Required work
When you reach a picture, leave it out; output everything else in the records exactly.

=-=-=-=-=

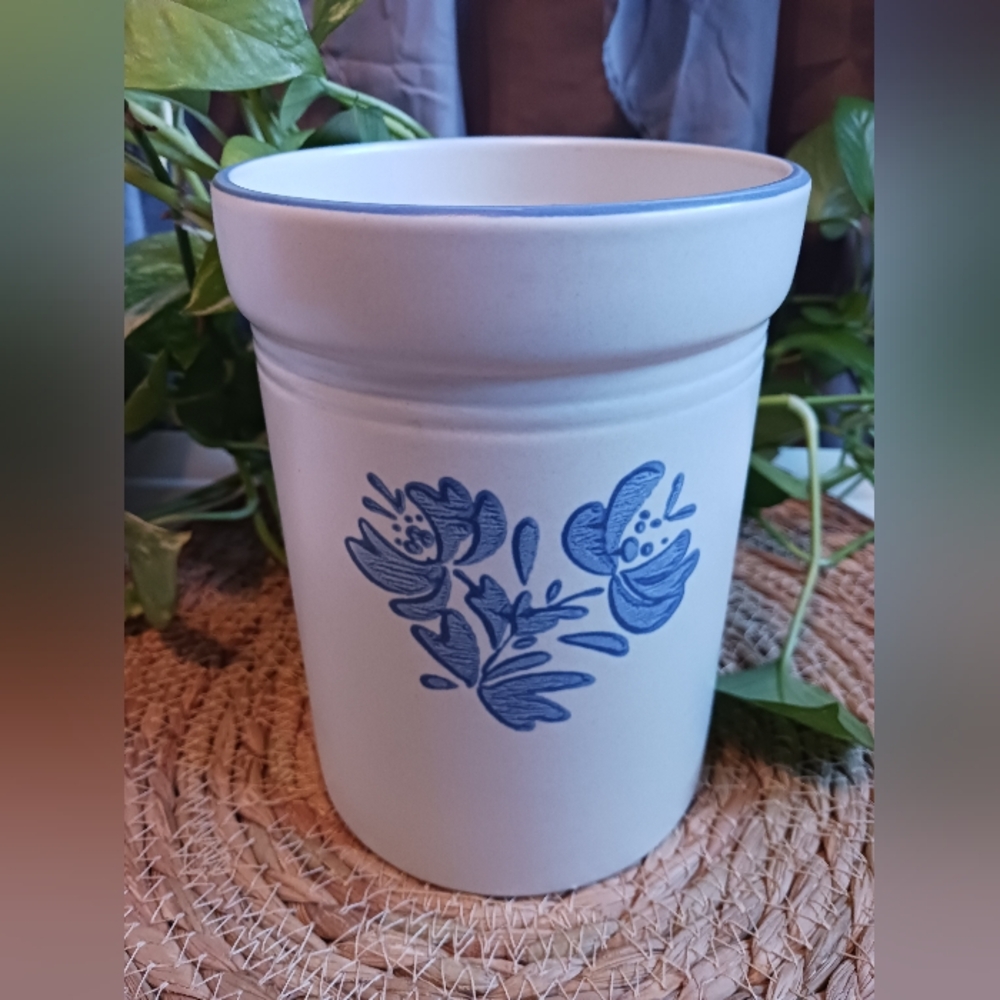 Pfaltzgraff Crock Utinsel Container Vintage Cobalt Blue Yorketowne Stoneware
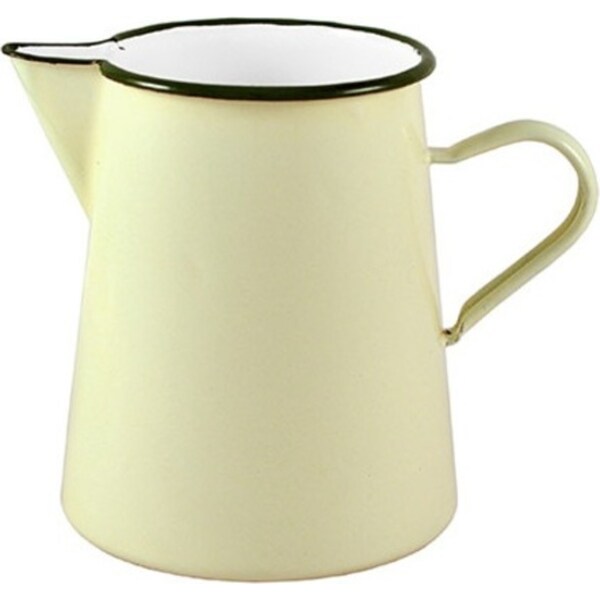 Urban Style Enamelware 1L Pitcher Jug Container w/ Green Rim Premium Cottage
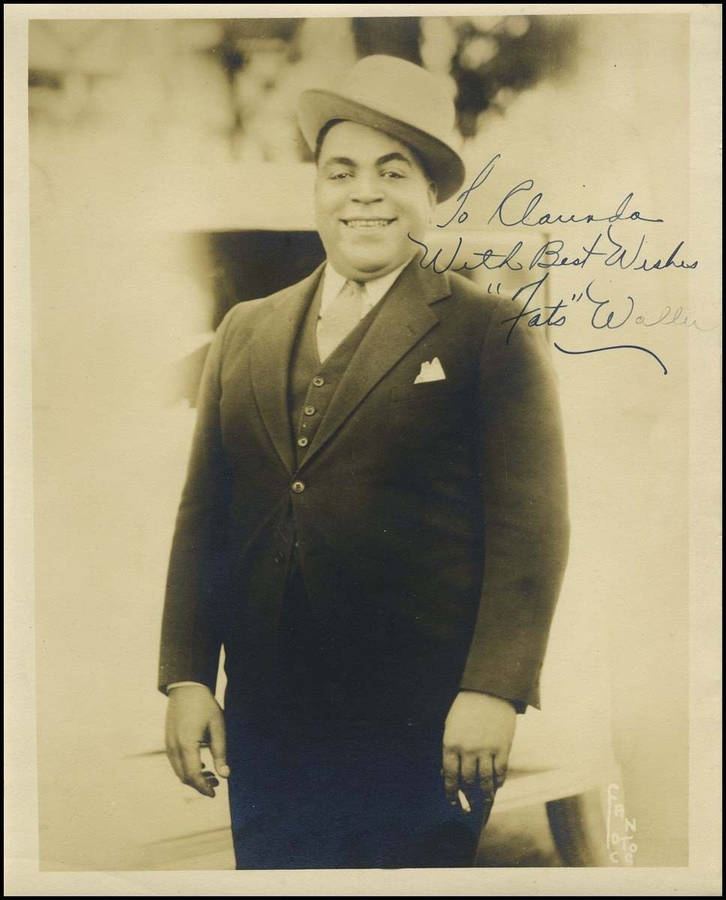 American Jazz Pianist Fats Waller Portrait With Dedication Wallpaper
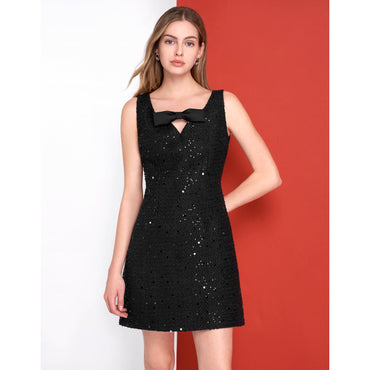 V-neck Bow Detail Sequined Tweed Dress - Black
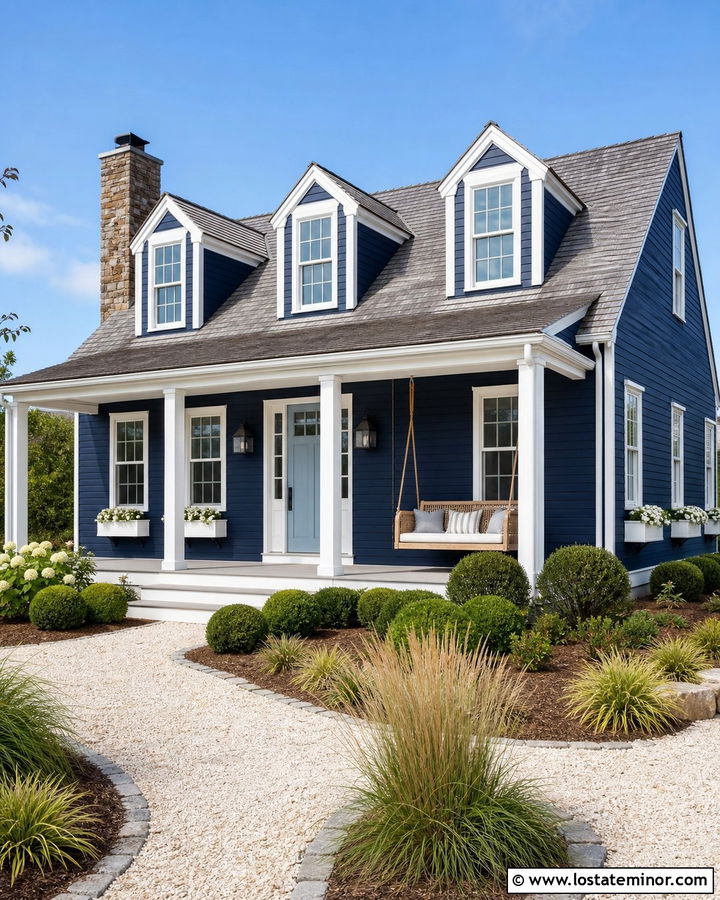 Midnight Blue Cape Cod With Rope Porch Swing - 30 Midnight Blue House Design With Swing Ideas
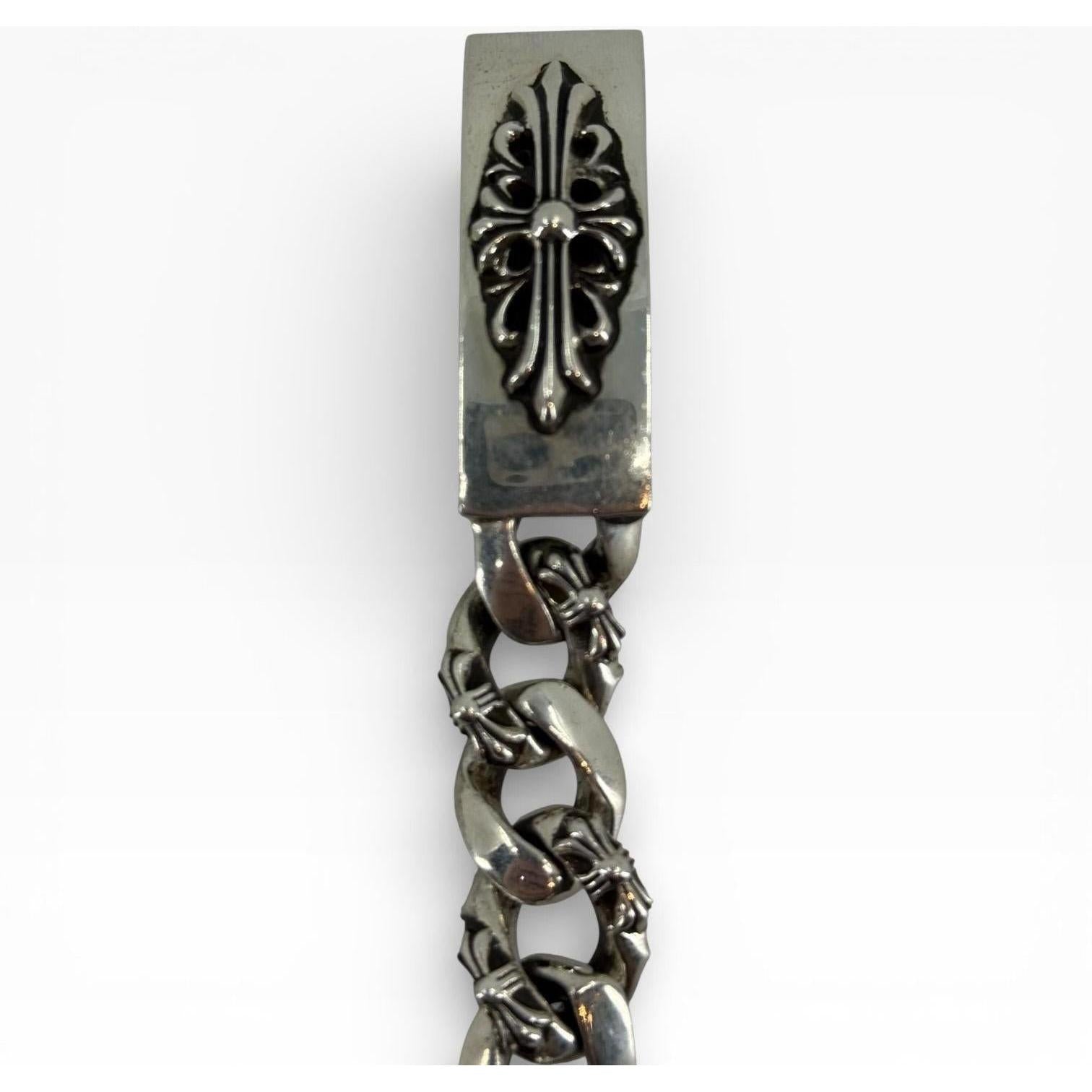 Chrome Hearts Silver Floral Cross Fancy Link Bracelet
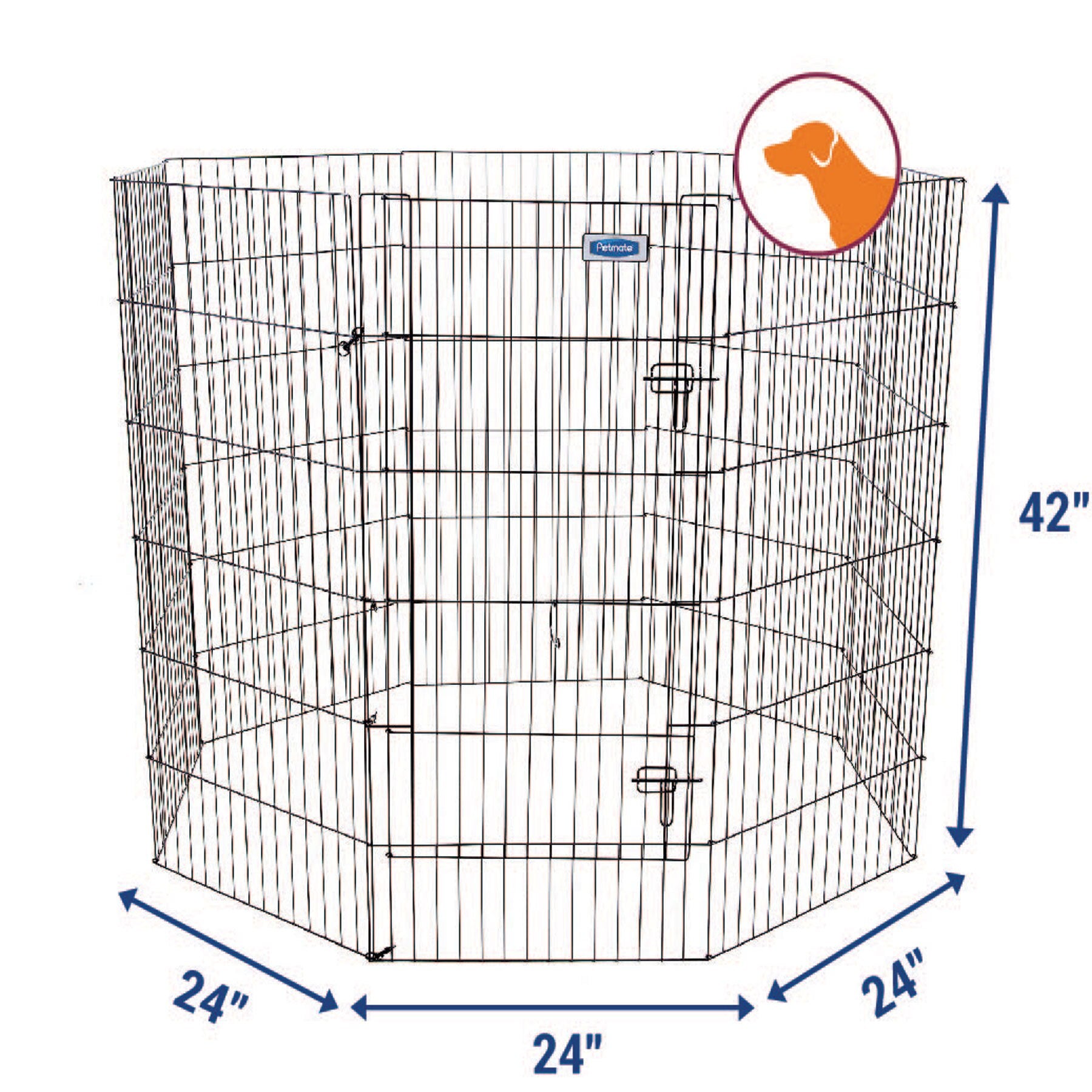Illustration of the Pet-mates Single Door Exercise Pen, a durable wire pen in a hexagonal shape. Each side measures 24 inches and it stands 42 inches tall. A silhouette of a dogs head is shown in the top corner. Brand: Pet-mates.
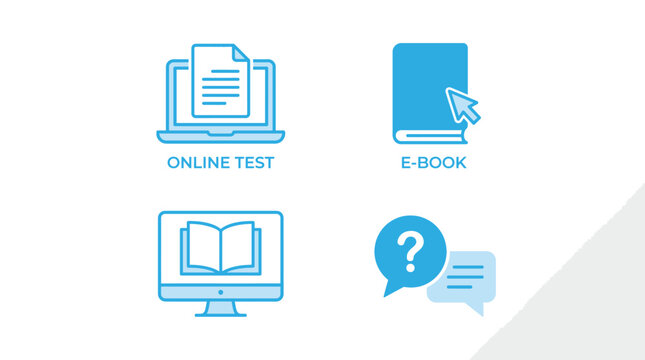 E learning icons with online test and e book Vector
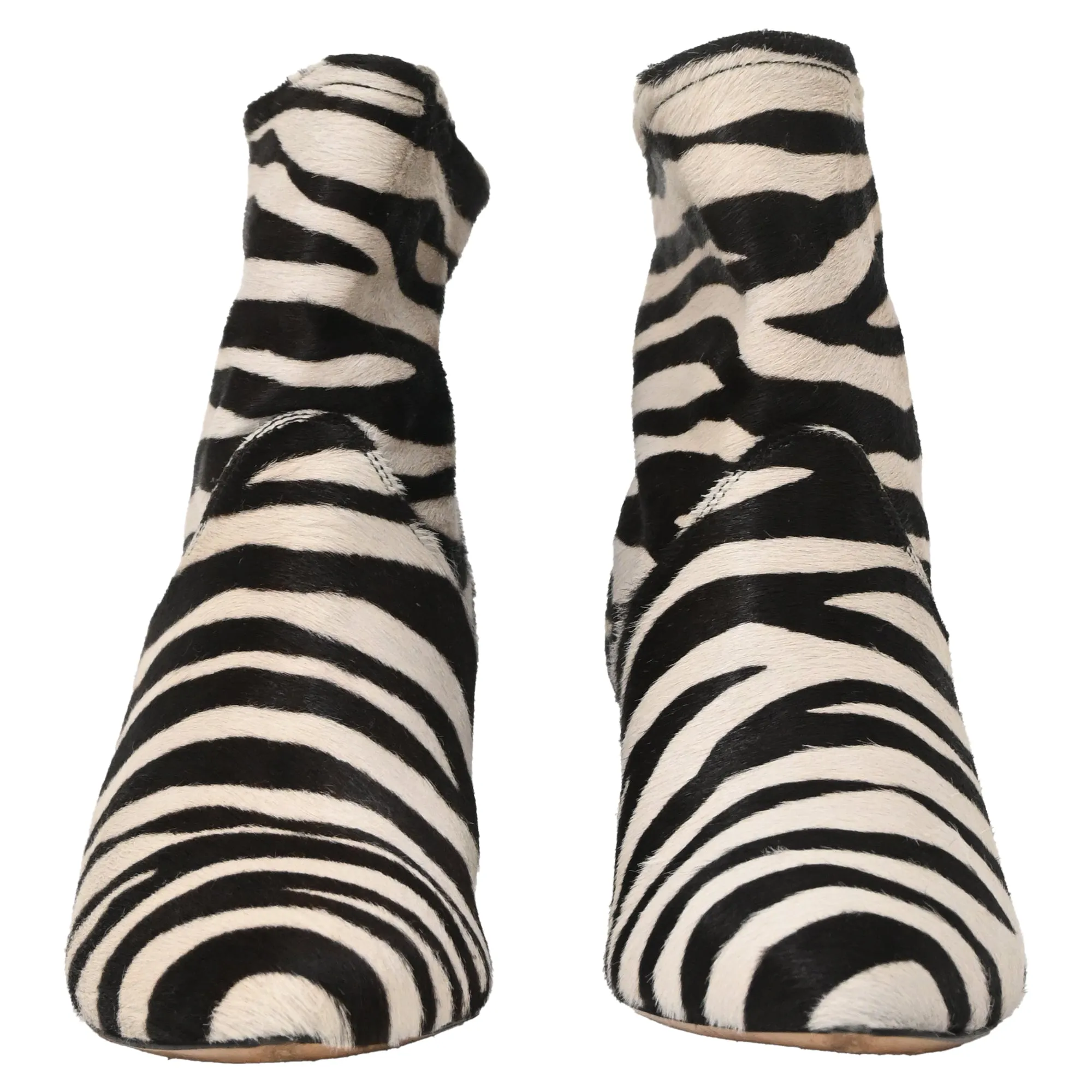 Isabel Marant Zebra Ankle Boots In Animal Print Ponyhair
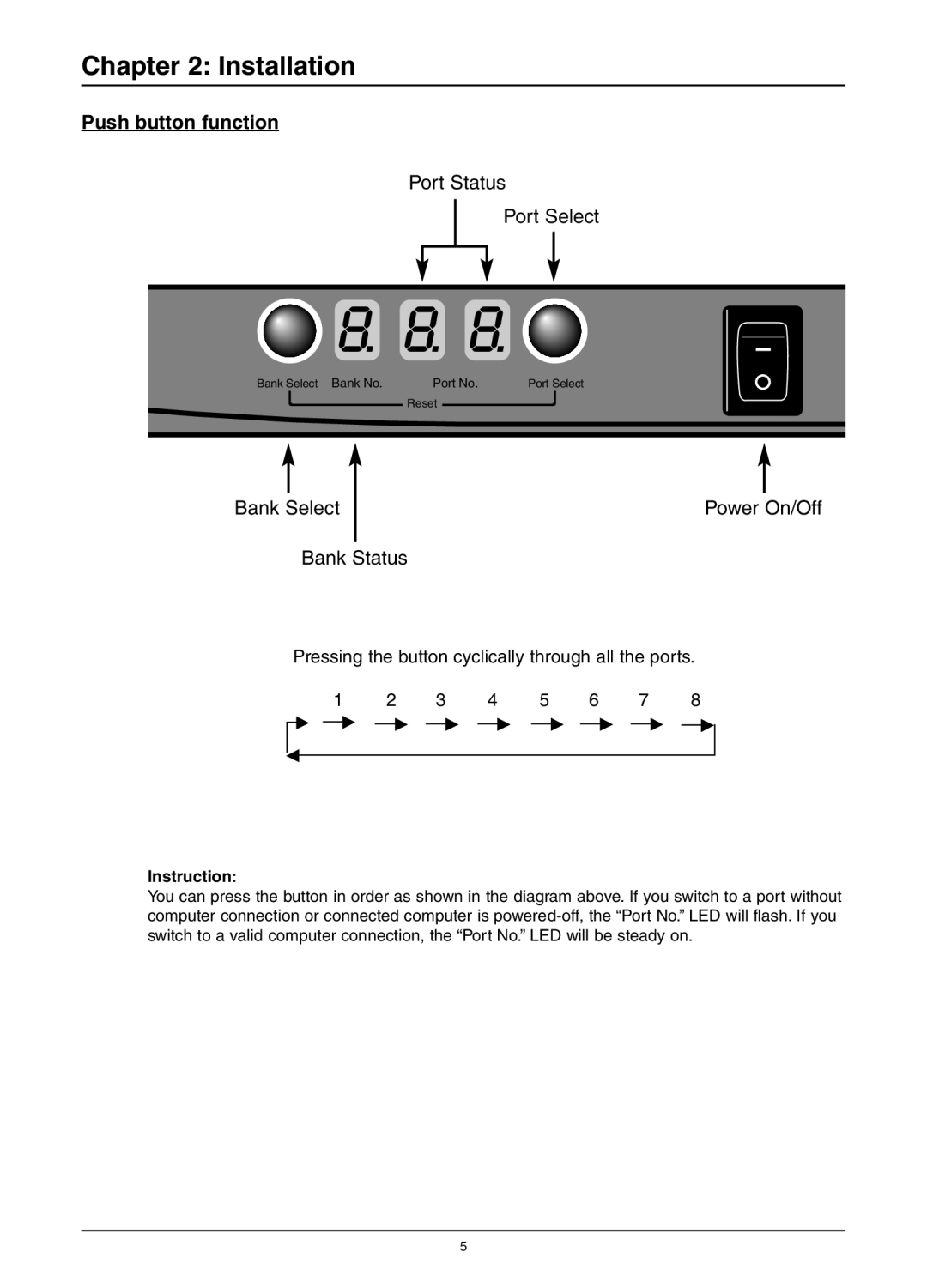 Freedom9 KVM-08P user manual Push button function, Instruction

=-=-=-=-=

Your response
 Pfaltzgraff Crock Utinsel Container Vintage Cobalt Blue Yorketowne Stoneware
 Urban Style Enamelware 1L Pitcher Jug Container w/ Green Rim Premium Cottage
 American Jazz Pianist Fats Waller Portrait With Dedication Wallpaper
 V-neck Bow Detail Sequined Tweed Dress - Black
 Midnight Blue Cape Cod With Rope Porch Swing - 30 Midnight Blue House Design With Swing Ideas
 Chrome Hearts Silver Floral Cross Fancy Link Bracelet
Illustration of the Pet-mates Single Door Exercise Pen, a durable wire pen in a hexagonal shape. Each side measures 24 inches and it stands 42 inches tall. A silhouette of a dogs head is shown in the top corner. Brand: Pet-mates.
 E learning icons with online test and e book Vector
 Isabel Marant Zebra Ankle Boots In Animal Print Ponyhair
 Freedom9 KVM-08P user manual Push button function, Instruction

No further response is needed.